The government has failed its A-levels once again with today's record results, as sixth-formers jump around clutching their fantastic results only to turn round and see everyone is a winner, waving the same fantastic results.
Ministers and quangoland lackeys, trotted out their well-worn phrases - 'How dare anyone put them down. We all should be celebrating their hard work, not criticising them'.
But that's not the point, as noted in the today's Guardian.
Time and again, New Labour's 'record A-levels' has been exposed as a sham. A deliberate ploy to try to hit ridiculous targets of 50% in higher education and keep down the unemployment figures.
They've tried every trick in the book to boost the pass rate and inflate the grades. Making exams easier, watering down exams with course-work, introducing soft subjects, skewing the statistics and tinkering with the grade boundaries.
It's all a far cry from the days when bright, hard working sixth-formers would be rightly rewarded for their efforts, with a well-earned place at a proper university, studying a proper subject.
And that applied just as much to the youngsters from working class backgrounds, as it did to the kids from the posh schools, which most of New Labour's top ministers attended.
Now, for many students, it will a couple of years at Smalltown Polytech - rebranded Bigcity University - 'studying' Media and Computer Games. Until they get fed up and leave.
Faced with the grades sham, the proper universities are trying to keep up standards by introducing their own entrance exams, because the A-levels are not worth the paper they are written on.
Disillusioned overseas students are being used to prop-up the cash-strapped rebranded polys and offered 'rotten' degrees for their efforts. Home students are enticed with the sop of easy subjects, with the word 'studies' in the title. Without an A-level gold standard, the student drop out and failure rate at the so-called 'universities' is soaring.
Soon A-levels, in England at least, could be a thing of the past. To be replaced by vocational 'diplomas'. Industry chiefs recently warned the government what everyone else has been saying for ages - the new Diplomas to replace academic A-levels aren't worth the paper they're written on.
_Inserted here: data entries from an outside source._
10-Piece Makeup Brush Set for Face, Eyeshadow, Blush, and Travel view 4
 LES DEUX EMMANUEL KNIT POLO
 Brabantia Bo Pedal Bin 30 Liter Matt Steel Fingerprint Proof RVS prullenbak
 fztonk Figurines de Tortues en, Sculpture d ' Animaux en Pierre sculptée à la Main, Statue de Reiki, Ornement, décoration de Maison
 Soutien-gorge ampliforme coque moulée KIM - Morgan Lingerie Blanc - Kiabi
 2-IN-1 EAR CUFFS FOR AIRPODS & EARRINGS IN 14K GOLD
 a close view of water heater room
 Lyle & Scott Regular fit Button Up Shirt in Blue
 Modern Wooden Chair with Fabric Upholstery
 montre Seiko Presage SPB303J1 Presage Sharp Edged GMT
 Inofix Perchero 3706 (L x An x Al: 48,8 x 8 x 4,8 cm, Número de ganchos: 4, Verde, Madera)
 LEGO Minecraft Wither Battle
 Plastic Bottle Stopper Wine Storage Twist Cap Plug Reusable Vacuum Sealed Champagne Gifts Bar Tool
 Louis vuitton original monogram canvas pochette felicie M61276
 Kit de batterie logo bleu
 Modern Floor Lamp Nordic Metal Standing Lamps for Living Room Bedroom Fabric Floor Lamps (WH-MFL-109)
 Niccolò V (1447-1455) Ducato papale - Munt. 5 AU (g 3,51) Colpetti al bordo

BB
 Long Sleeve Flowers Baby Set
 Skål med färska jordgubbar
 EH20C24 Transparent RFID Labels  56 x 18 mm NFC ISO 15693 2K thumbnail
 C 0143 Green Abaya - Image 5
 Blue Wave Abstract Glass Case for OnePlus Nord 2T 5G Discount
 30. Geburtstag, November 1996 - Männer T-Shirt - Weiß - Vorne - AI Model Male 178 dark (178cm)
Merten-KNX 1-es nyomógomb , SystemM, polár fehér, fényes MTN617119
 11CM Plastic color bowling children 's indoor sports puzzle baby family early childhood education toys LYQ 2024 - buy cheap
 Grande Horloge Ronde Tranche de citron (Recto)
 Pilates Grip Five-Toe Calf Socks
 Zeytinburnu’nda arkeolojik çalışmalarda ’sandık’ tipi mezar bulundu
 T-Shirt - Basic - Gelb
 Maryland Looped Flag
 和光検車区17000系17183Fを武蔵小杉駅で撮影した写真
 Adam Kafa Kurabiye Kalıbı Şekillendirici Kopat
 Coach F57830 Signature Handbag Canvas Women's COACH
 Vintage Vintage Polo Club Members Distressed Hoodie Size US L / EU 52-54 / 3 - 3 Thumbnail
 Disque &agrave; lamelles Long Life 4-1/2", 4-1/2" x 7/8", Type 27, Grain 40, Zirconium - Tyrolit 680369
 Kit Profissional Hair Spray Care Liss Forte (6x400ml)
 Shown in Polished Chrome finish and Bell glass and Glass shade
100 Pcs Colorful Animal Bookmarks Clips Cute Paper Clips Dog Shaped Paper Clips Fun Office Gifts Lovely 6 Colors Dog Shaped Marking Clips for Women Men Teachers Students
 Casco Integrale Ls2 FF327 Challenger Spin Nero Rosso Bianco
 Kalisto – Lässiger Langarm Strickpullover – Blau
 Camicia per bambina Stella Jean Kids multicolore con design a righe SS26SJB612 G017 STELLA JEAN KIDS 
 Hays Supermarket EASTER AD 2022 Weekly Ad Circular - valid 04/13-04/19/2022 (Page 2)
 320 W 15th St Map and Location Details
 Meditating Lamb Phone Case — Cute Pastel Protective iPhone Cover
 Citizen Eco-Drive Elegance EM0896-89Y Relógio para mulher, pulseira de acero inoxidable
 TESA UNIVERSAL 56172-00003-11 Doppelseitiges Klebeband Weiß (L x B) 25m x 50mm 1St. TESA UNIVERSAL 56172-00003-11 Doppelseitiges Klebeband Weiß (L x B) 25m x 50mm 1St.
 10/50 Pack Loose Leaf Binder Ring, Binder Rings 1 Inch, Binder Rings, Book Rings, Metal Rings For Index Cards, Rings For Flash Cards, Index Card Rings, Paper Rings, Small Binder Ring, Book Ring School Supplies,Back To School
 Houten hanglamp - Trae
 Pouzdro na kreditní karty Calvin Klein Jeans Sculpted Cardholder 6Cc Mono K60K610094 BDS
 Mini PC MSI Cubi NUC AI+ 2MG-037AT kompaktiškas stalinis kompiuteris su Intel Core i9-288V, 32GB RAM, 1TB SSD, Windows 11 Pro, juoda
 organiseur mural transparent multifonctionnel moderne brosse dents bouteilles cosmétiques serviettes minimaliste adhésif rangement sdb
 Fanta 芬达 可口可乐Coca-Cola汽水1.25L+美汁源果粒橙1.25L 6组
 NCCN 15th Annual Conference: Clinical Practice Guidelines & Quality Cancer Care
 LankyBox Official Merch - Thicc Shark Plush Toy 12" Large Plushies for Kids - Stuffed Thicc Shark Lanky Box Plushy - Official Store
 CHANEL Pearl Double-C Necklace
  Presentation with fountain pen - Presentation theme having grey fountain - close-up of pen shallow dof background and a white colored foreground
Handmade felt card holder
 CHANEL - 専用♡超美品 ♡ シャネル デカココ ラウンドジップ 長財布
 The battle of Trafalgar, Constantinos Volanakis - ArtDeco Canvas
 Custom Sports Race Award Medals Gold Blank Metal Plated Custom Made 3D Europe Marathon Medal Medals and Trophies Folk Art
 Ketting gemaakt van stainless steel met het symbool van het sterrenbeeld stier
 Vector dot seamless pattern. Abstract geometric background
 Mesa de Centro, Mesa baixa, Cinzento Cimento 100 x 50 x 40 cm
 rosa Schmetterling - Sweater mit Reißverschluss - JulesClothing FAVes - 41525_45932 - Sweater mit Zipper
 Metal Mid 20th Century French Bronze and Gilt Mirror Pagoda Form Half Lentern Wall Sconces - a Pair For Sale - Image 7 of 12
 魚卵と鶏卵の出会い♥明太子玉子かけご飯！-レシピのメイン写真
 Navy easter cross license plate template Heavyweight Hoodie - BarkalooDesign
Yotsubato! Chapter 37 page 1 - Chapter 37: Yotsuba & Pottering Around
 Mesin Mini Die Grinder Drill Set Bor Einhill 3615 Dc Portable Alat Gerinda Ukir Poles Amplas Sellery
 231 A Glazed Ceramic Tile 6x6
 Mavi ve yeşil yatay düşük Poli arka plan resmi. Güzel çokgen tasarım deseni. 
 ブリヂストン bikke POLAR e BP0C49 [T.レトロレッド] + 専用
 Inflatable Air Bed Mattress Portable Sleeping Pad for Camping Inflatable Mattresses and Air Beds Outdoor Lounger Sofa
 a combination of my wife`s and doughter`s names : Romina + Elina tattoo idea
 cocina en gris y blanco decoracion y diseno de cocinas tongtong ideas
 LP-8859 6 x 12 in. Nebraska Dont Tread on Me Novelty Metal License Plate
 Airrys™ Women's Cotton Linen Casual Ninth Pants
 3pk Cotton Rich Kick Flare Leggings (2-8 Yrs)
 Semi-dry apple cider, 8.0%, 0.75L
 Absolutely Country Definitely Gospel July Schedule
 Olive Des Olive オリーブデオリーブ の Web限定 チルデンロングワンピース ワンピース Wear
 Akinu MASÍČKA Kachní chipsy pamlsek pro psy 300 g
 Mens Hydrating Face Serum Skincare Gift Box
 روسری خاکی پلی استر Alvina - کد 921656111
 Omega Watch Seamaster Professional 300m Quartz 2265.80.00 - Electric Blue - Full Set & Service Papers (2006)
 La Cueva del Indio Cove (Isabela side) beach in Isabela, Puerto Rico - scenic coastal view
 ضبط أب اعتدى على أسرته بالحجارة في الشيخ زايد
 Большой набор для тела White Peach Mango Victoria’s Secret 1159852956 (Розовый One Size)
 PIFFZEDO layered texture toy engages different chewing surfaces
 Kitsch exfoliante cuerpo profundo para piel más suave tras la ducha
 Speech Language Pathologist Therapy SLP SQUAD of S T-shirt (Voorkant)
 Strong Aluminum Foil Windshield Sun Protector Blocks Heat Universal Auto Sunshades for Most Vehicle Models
So what next for the failed education experiment? Raising the school-leaving age is a neat way of taking the NEETS out of the rising unemployment figures. Then just give away the A-levels as a School Leaving Certificate. All students get results and everyone passes.
In the shallow, fantasy world of New Labour, everyone's a winner - except the students, schools, parents, universities and this country's future.